Welcome a new literary equal-opportunity offender

The Canadian Jewish News has a good story about Shani Boianjiu, the new literary phenom whose recent novel, The People of Forever Are Not Afraid (Random House), tracks several young women throughout and in the aftermath of their service in the Israeli Defense Forces. Boianjiu, 25, has already been published in the New Yorker and received the U.S. National Book Foundation’s Top 5 Under 35 Award in 2011. Her book has garnered plenty of critical attention, mostly positive, and has apparently already managed to offend both pro-Israeli and pro-Palestinian readers – always a good sign, as the author herself acknowledges in the interview.

Boianjiu is now facing the interesting challenge of creating, in collaboration with a translator, a Hebrew translation for her book, originally written in English:

Some of the charm in the book is the way the English words are used, she said. “You have to find different ways to convey the same type of playfulness.” She said she’s a bit nervous for the Hebrew translation’s release, mostly because she is embarrassed to have her family and friends read it.
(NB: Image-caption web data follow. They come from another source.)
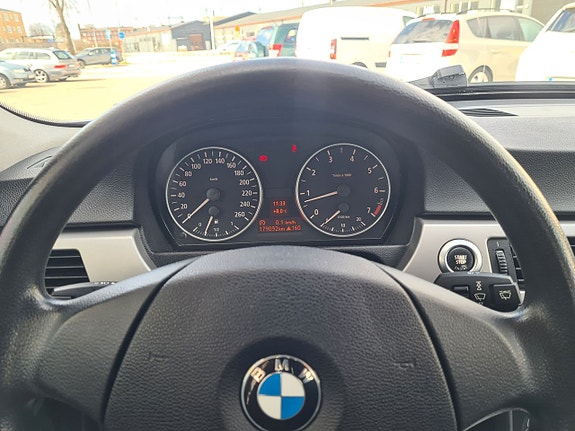 BMW 318 11 of 12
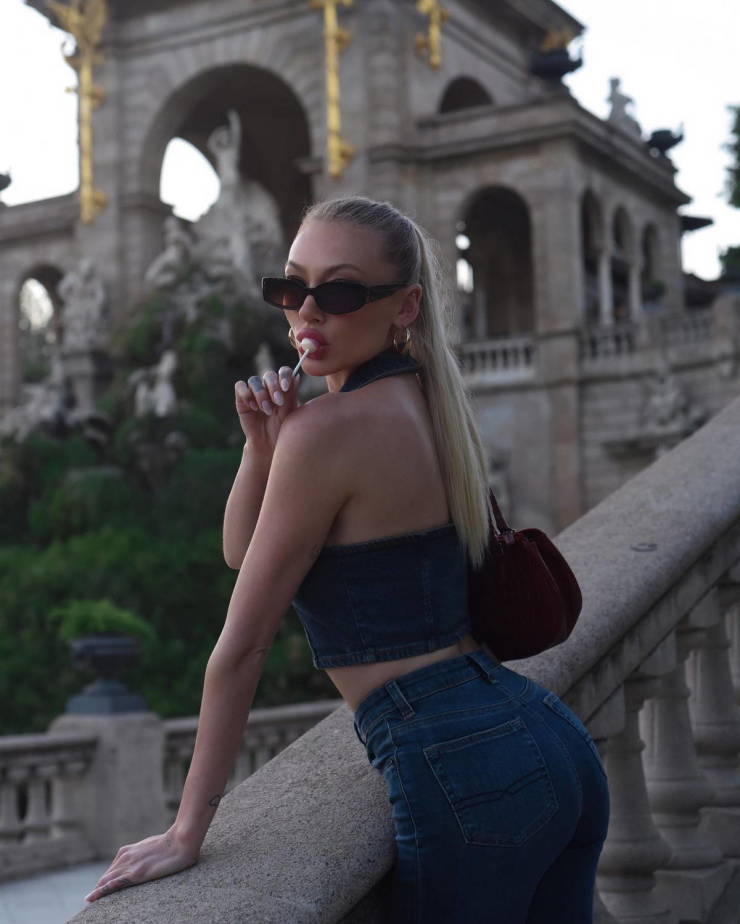 hot girls in tight jeans 37 pics 2.html - 37 HD Photos | Premium Gallery 2026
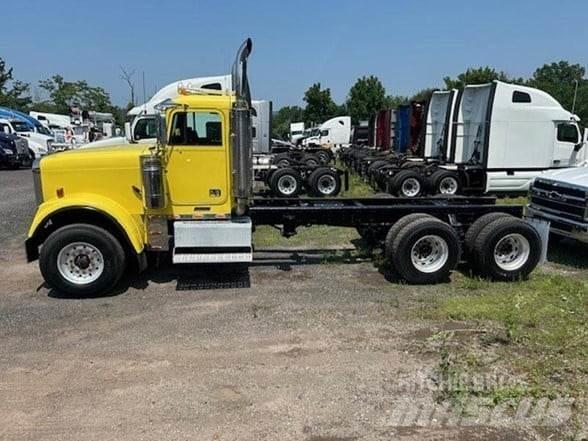 Freightliner FLD120 새시 운전실 트럭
I’m also intrigued by the critiques leveled against her for the portrayal of men in her story, described as “almost incidental characters, just there for the women’s pleasure, and many of them die early and violently.” I can see how that might be offensive, since I can’t think of a single literary or artistic work where the women are the incidental providers of male pleasure, conveniently disposed of through early, gory deaths – can you?